For more details, see:
https://code.launchpad.net/~cjwatson/launchpad/+git/launchpad/+merge/420258

I added the issuing and verification logic in 163146dfdb, but we need to actually send the resulting credentials to builders as well.
-- 
Your team Launchpad code reviewers is requested to review the proposed merge of ~cjwatson/launchpad:cibuild-use-macaroons into launchpad:master.
diff --git a/lib/lp/code/model/cibuildbehaviour.py b/lib/lp/code/model/cibuildbehaviour.py
index 35fe231..4d3e641 100644
--- a/lib/lp/code/model/cibuildbehaviour.py
+++ b/lib/lp/code/model/cibuildbehaviour.py
@@ -23,6 +23,9 @@ from lp.buildmaster.model.buildfarmjobbehaviour import (
     )
 from lp.code.enums import RevisionStatusResult
 from lp.code.interfaces.cibuild import ICIBuild
+from lp.code.interfaces.codehosting import LAUNCHPAD_SERVICES
+from lp.services.config import config
+from lp.services.twistedsupport import cancel_on_timeout
 from lp.soyuz.adapters.archivedependencies import (
     get_sources_list_for_building,
     )
@@ -60,6 +63,13 @@ class CIBuildBehaviour(BuilderProxyMixin, BuildFarmJobBehaviourBase):
             raise CannotBuild(
                 "Missing chroot for %s" % build.distro_arch_series.displayname)
 
+    def issueMacaroon(self):
+        """See `IBuildFarmJobBehaviour`."""
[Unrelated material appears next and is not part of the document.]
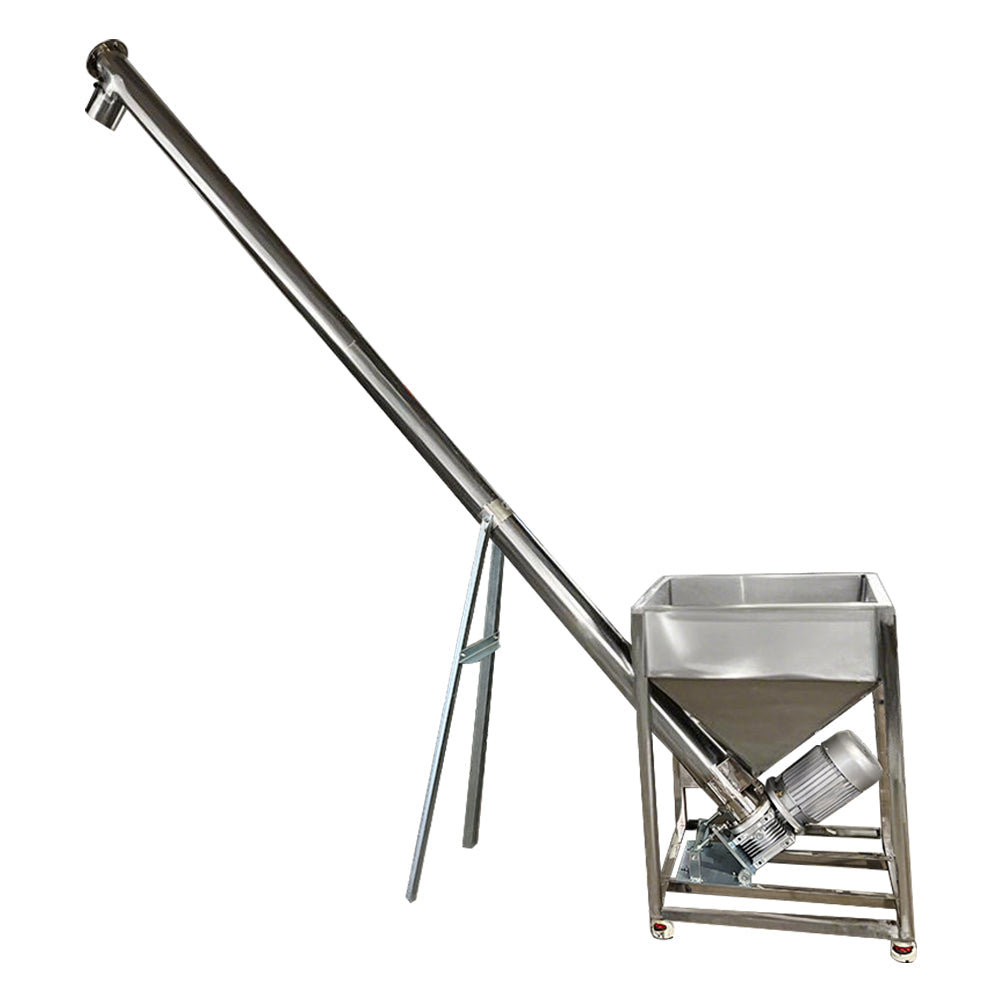 Powder Spiral Inclined Screw Conveyor Auger Feeder Elevator Hopper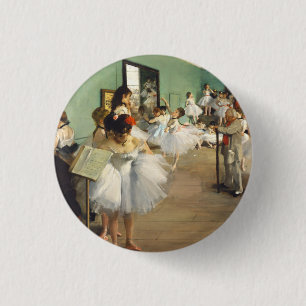 Badge Rond 2,50 Cm Classe de danse Edgar Degas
+        return cancel_on_timeout(
+            self._authserver.callRemote(
+                "issueMacaroon", "ci-build", "CIBuild", self.build.id),
+            config.builddmaster.authentication_timeout)
+
     @defer.inlineCallbacks
     def extraBuildArgs(self, logger=None):
         """Return extra builder arguments for this build."""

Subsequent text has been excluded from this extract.